The Supreme Court has agreed to hear the case of Mayorkas v. Cuellar de Osorio. The issue in the case is whether a son or daughter who was the derivative beneficiary of a family-sponsored immigrant petition but “aged out” (didn’t qualify because he or she turned age 21) may apply the old petition’s priority date to a new petition. For background, including an explanation of who is covered, see here.
The U.S. Court of Appeals for the Ninth Circuit had ruled in Osorio v. Mayorkas that the old family-sponsored priority date may be applied to a new petition.
However, the U.S. Department of Justice filed a Petition for a Writ of Certiorari with the Supreme Court. On June 24, 2013, the Supreme Court granted that petition. The case has been scheduled for oral argument on December 10, 2013. A decision is expected from the Court by June or July 2014 when the Court’s term ends.
Pending the Supreme Court’s decision, the Ninth Circuit’s decision is stayed.
If you are covered by De Osorio, you should seek advice from an immigration lawyer now.

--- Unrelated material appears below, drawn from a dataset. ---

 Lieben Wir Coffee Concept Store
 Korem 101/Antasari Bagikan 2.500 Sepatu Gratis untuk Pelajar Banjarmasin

If you haven’t done so yet, it may be wise for a sponsor (such as a permanent resident parent) to file a new Form I-130, Petition for Alien Relative, on your behalf.
For most people, with the possible exception of persons in removal or deportation proceedings, it probably doesn’t make sense to file a Form I-485, Application to Adjust Status, or an immigrant visa application before the Supreme Court decides the case.